Veel bezittingen van het gilde worden niet genoemd. Men heeft een mooi, zwart kleed, om het afgestorven gildelid mede te bedekken. Dan is er sprake van vier ,,stalkaarsen” en een ,,schoon tertys”. Bij de stalkaarsen moet men vooral niet aan een veestal denken, al zijn de woorden stamverwant. Het zijn standkaarsen, die op een kandelaar gesteld, bij het lijk worden geplaatst. Natuurlijk om licht te doen schijnen op het lijk. Maar ook uit eerbied voor het lichaam, dat eens met Christus zal verrijzen. Een tertys of tortijs is een toorts of fakkel. Omdat zowel ir. De Graaff in de archieven te Leiden, als de heer Corneille Janssen in de oude papieren der St Bavo te Haarlem steeds het gewicht aan was vinden aangegeven, moeten wij wel aannemen, dat ook deze toortsen van was zijn vervaardigd. Dit ligt ook wel voor de hand. Vet is altijd als een afvalproduct beschouwd. Als een waardig brandoffer geldt slechts het vuur, dat ,,gevoed wordt door het smeltende was, dat moeder bij heeft voortgebracht voor de stof der kostelijke fakkel”. 7)
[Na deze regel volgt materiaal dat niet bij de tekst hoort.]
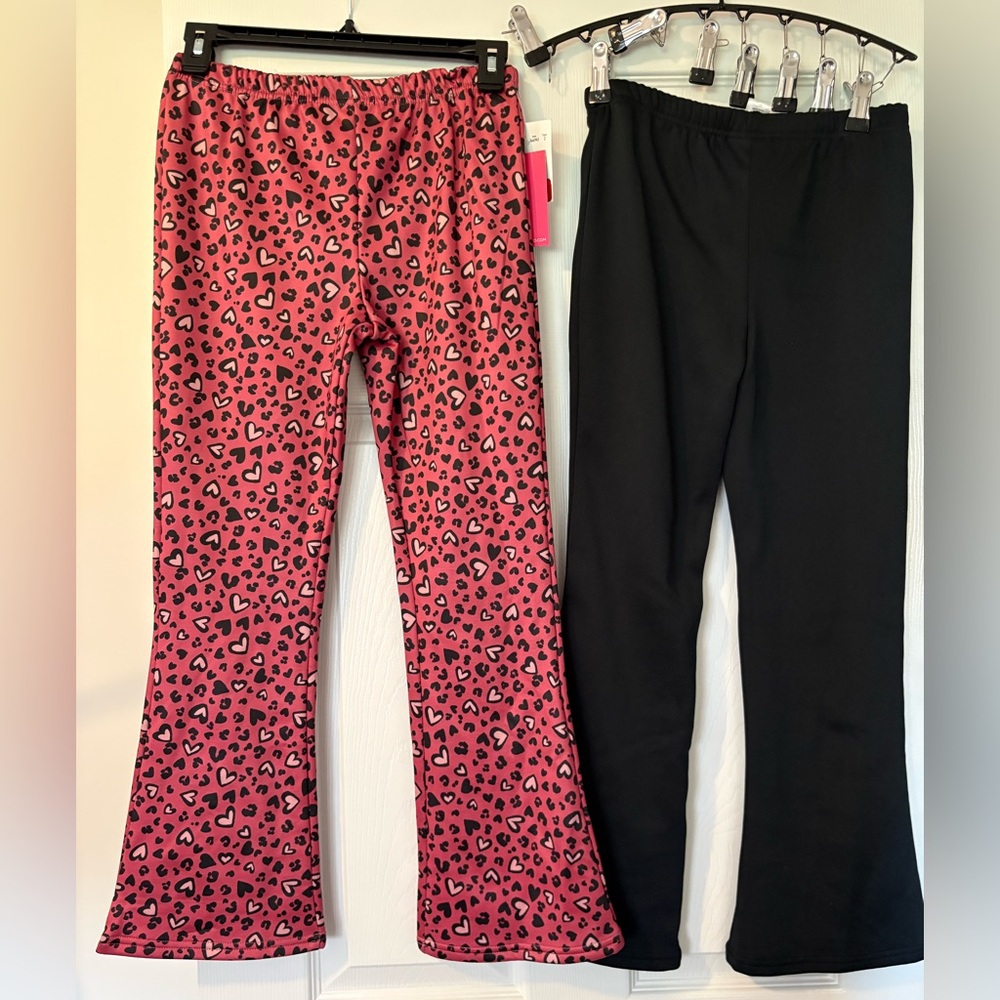 NWT Vince Camuto Girls flare leggings/pull-on pants-size 12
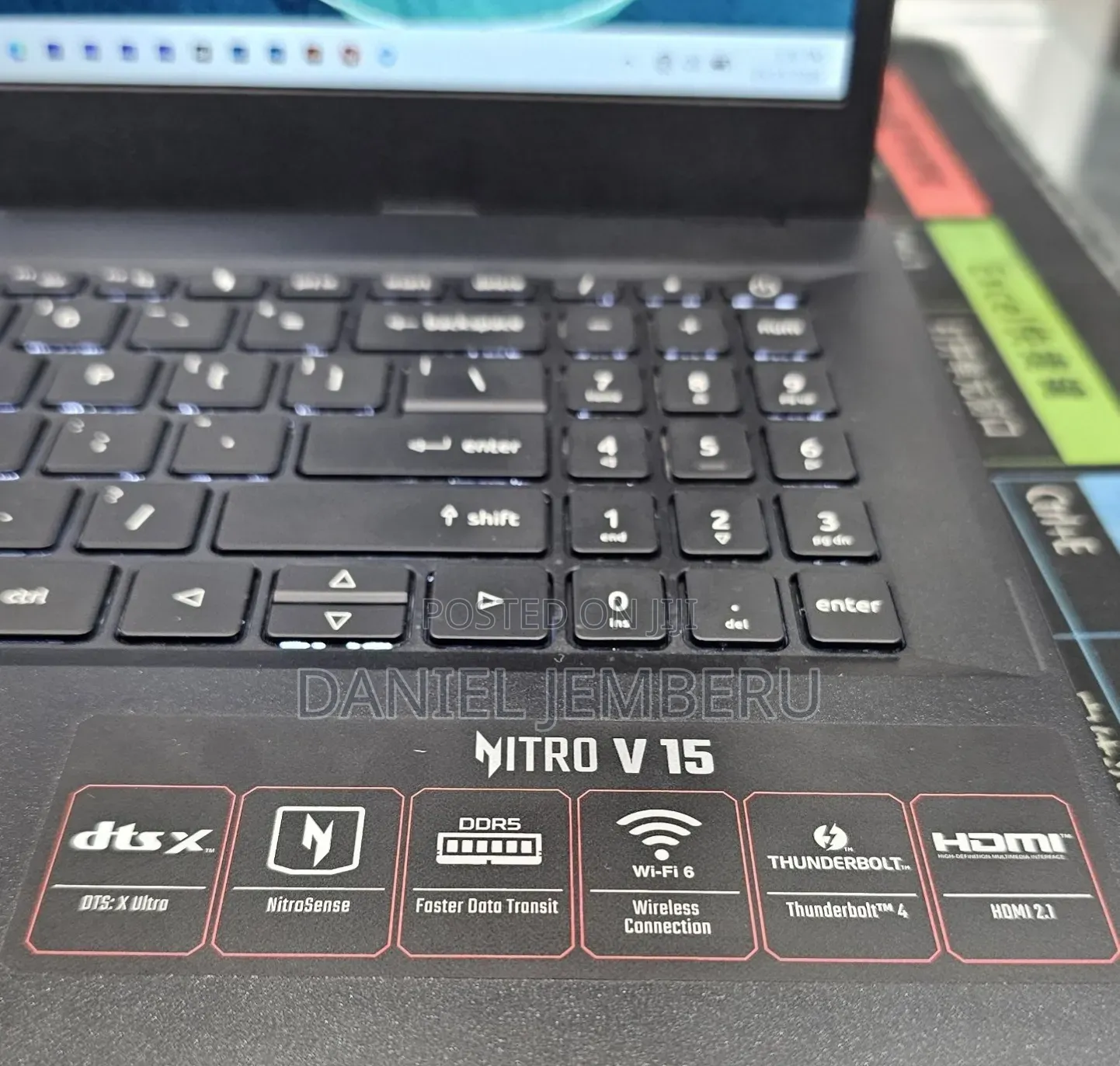 New Laptop Acer Aspire V Nitro 16GB Intel Core i9 SSD 1T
“Voirt sel men an dit ghilde houden een schoon swart cleet over die ghilde breders ende susters te spreyden sy doot syn. Ende vier stalkairsen ende een schoon tertys die broeder en susters mede te belichten als sy doot syn”. Bij overlijden van kinderen of inwonend personeel mogen de gildeleden gebruik maken van het lijkkleed en de kaarsen. De toorts mag men niet meenemen, op straffe van een boete van een pond was. En daar valt niet over te praten! “Ende wairt sake dat yemant van dese broederen of susteren enyghe boeden of kinderen die sy binnen horen huys hadden die oflivich worden, soe moghn sy nemen dat cleet ende die vier stalkaxzsen hoir kinderen of hoer boeden mede te belichten. Mer die tertys niet, op die boete van een pond was ende dat niet te verdraghen”.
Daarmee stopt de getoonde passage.